SOURCE MATERIAL:

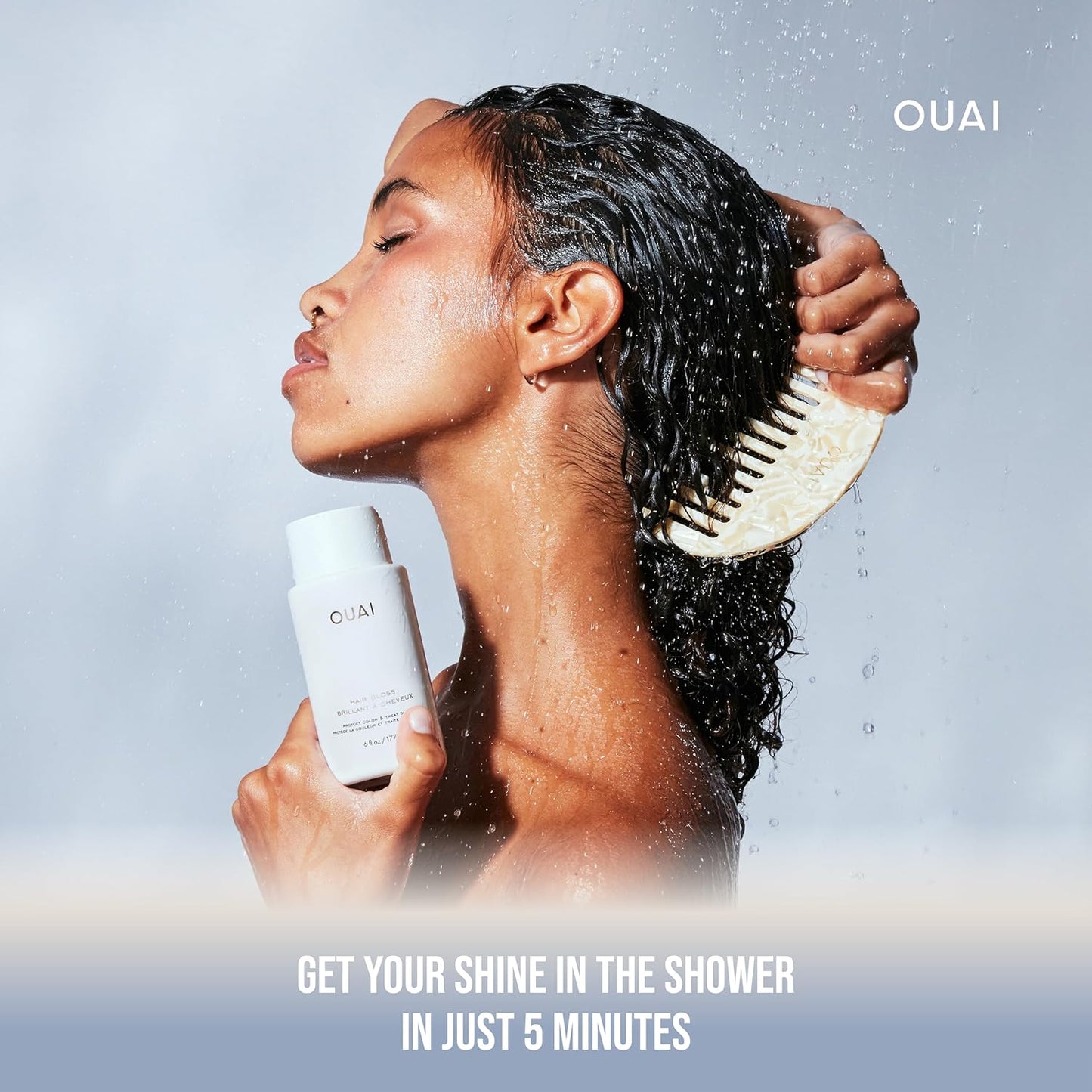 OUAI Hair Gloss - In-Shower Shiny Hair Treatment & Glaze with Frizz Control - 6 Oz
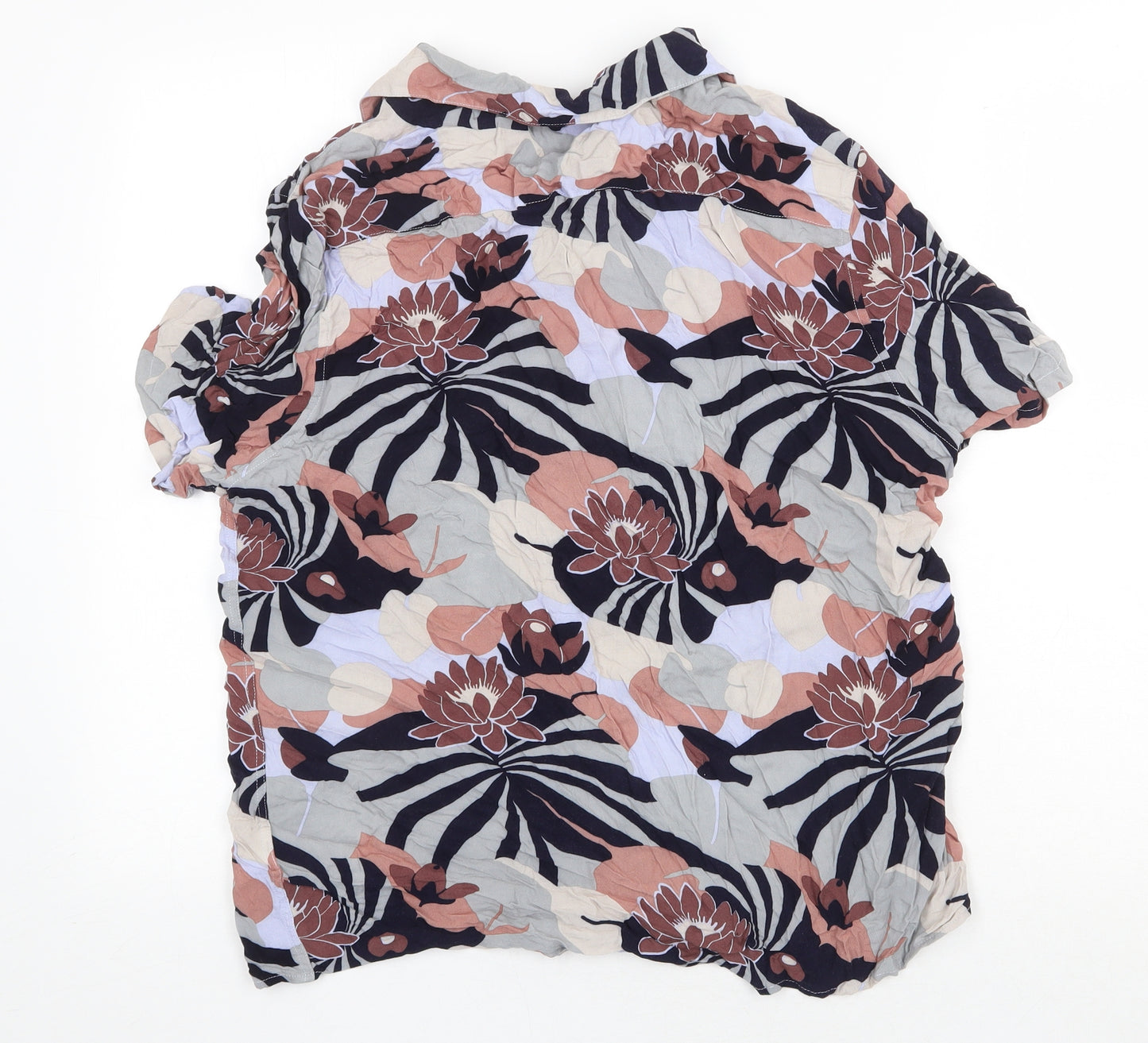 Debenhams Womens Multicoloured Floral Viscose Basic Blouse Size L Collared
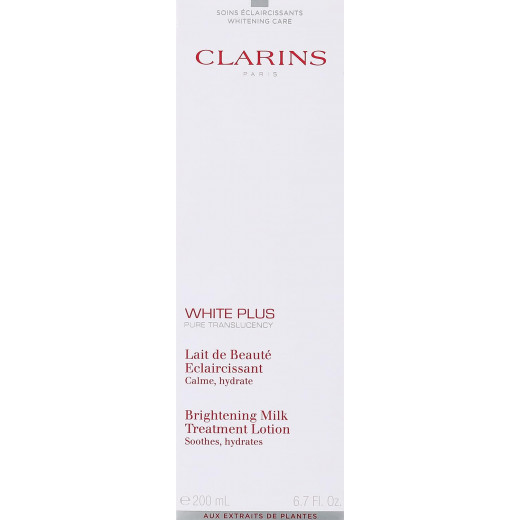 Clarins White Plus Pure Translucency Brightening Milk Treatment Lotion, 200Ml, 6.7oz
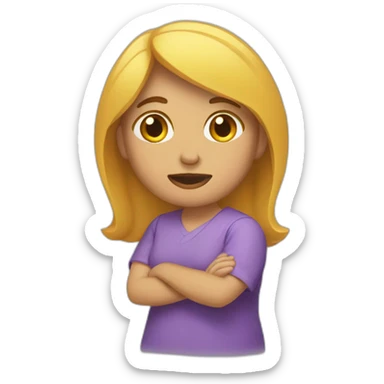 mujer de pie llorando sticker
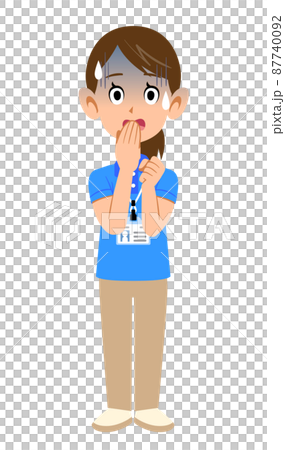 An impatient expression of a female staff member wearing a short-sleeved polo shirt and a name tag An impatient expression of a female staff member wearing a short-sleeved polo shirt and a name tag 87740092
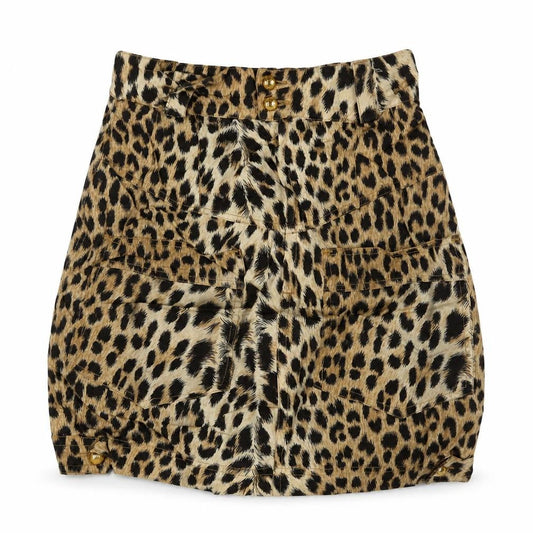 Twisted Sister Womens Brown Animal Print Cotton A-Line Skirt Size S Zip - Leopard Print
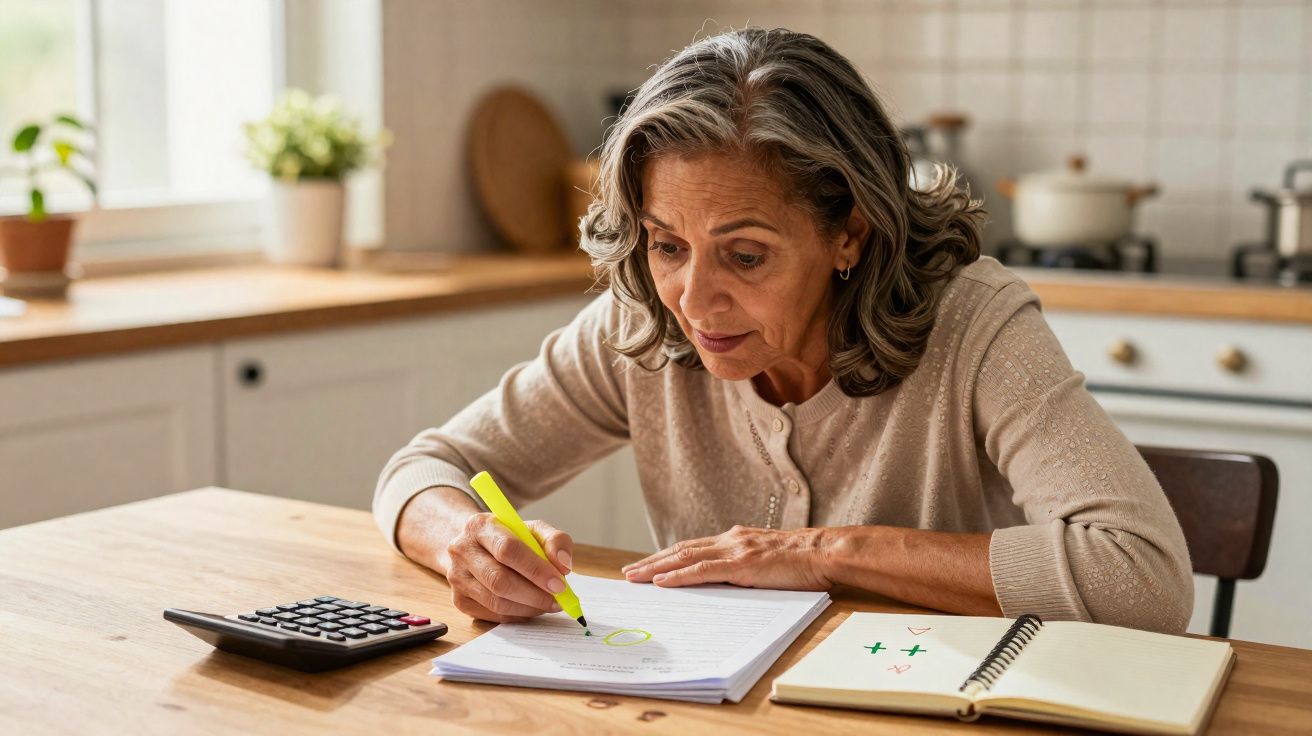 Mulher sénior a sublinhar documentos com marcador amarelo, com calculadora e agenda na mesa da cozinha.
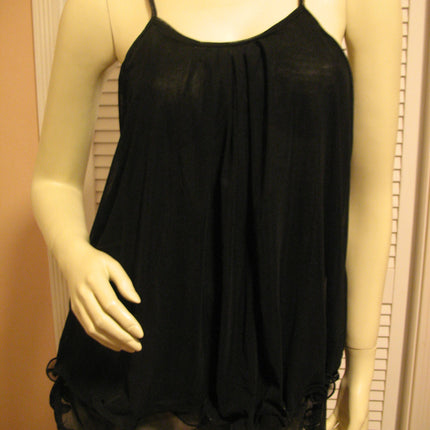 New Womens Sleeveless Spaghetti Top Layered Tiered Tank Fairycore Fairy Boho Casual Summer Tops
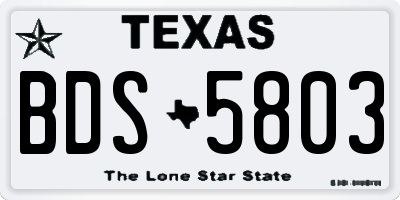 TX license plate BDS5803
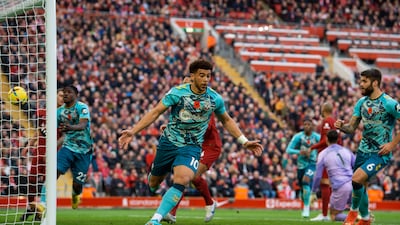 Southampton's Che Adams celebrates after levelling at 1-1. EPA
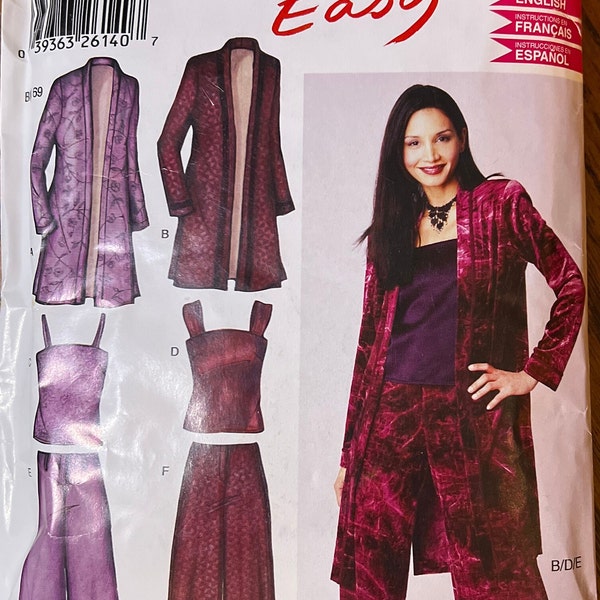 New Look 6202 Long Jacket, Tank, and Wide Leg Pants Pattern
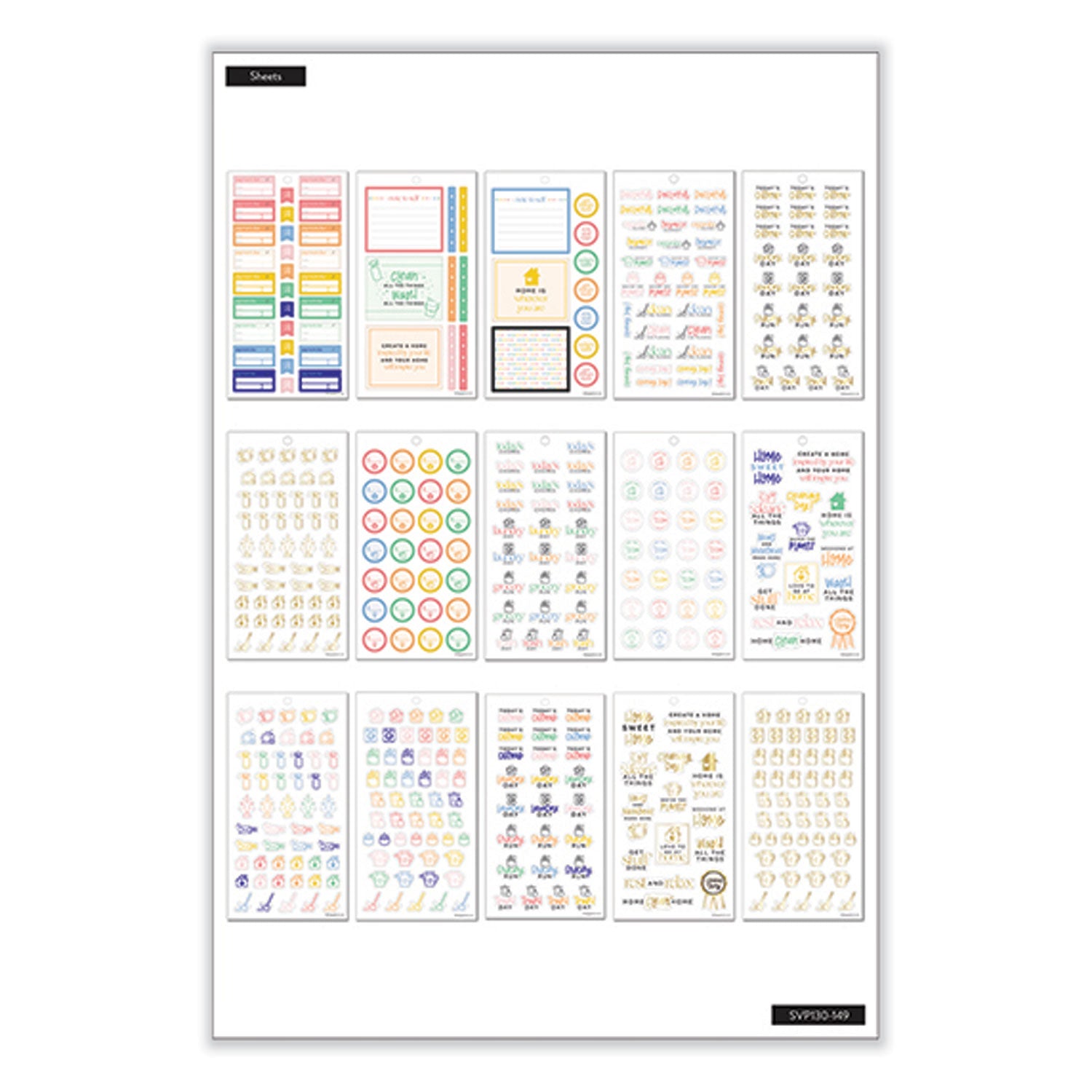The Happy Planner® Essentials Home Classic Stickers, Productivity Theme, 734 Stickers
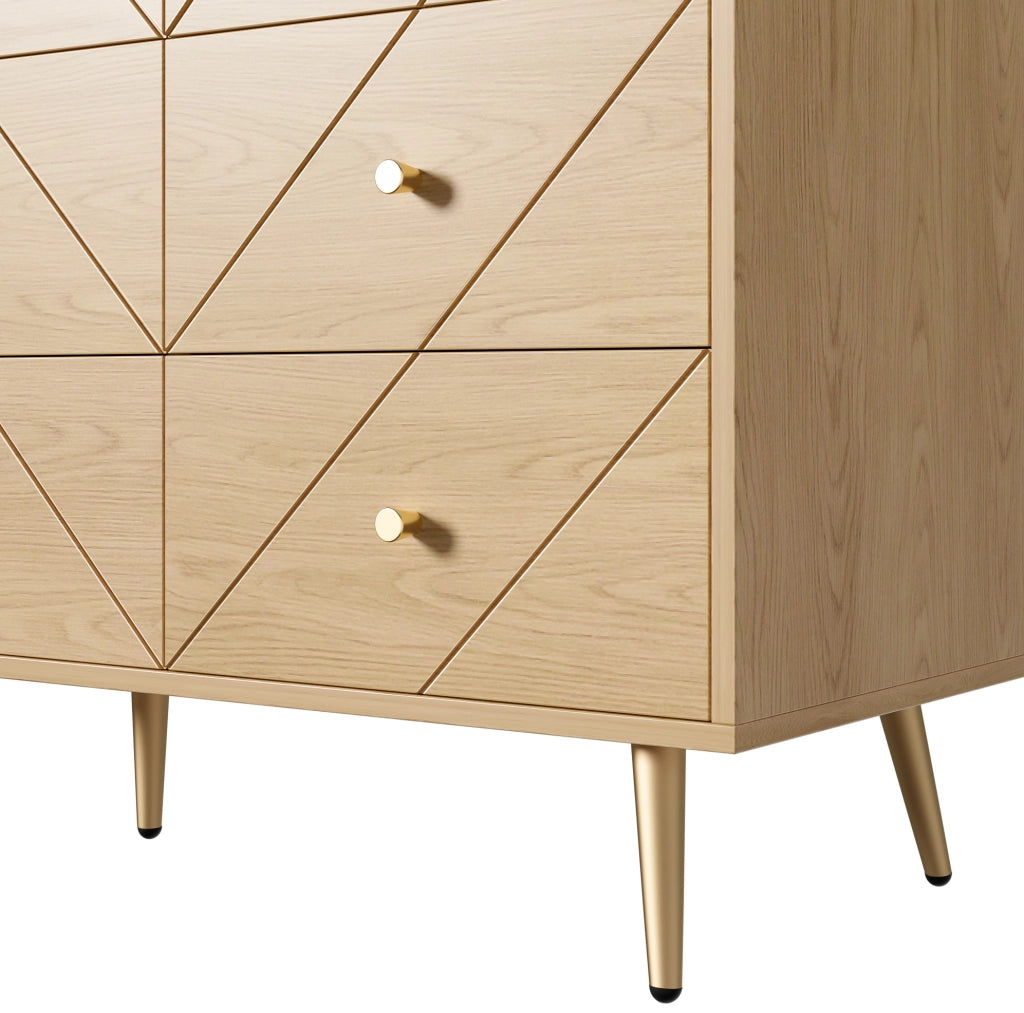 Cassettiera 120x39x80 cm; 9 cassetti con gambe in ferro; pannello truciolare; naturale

WORK REQUIRED: Print the full listing above exactly. Pictures stay out of the copy.

YOUR SOLUTION:
 OUAI Hair Gloss - In-Shower Shiny Hair Treatment & Glaze with Frizz Control - 6 Oz
 Debenhams Womens Multicoloured Floral Viscose Basic Blouse Size L Collared
 Clarins White Plus Pure Translucency Brightening Milk Treatment Lotion, 200Ml, 6.7oz
 mujer de pie llorando sticker
 An impatient expression of a female staff member wearing a short-sleeved polo shirt and a name tag An impatient expression of a female staff member wearing a short-sleeved polo shirt and a name tag 87740092
 Twisted Sister Womens Brown Animal Print Cotton A-Line Skirt Size S Zip - Leopard Print
 Mulher sénior a sublinhar documentos com marcador amarelo, com calculadora e agenda na mesa da cozinha.
 New Womens Sleeveless Spaghetti Top Layered Tiered Tank Fairycore Fairy Boho Casual Summer Tops
 TX license plate BDS5803
 Southampton's Che Adams celebrates after levelling at 1-1. EPA
 New Look 6202 Long Jacket, Tank, and Wide Leg Pants Pattern
The Happy Planner® Essentials Home Classic Stickers, Productivity Theme, 734 Stickers
 Cassettiera 120x39x80 cm; 9 cassetti con gambe in ferro; pannello truciolare; naturale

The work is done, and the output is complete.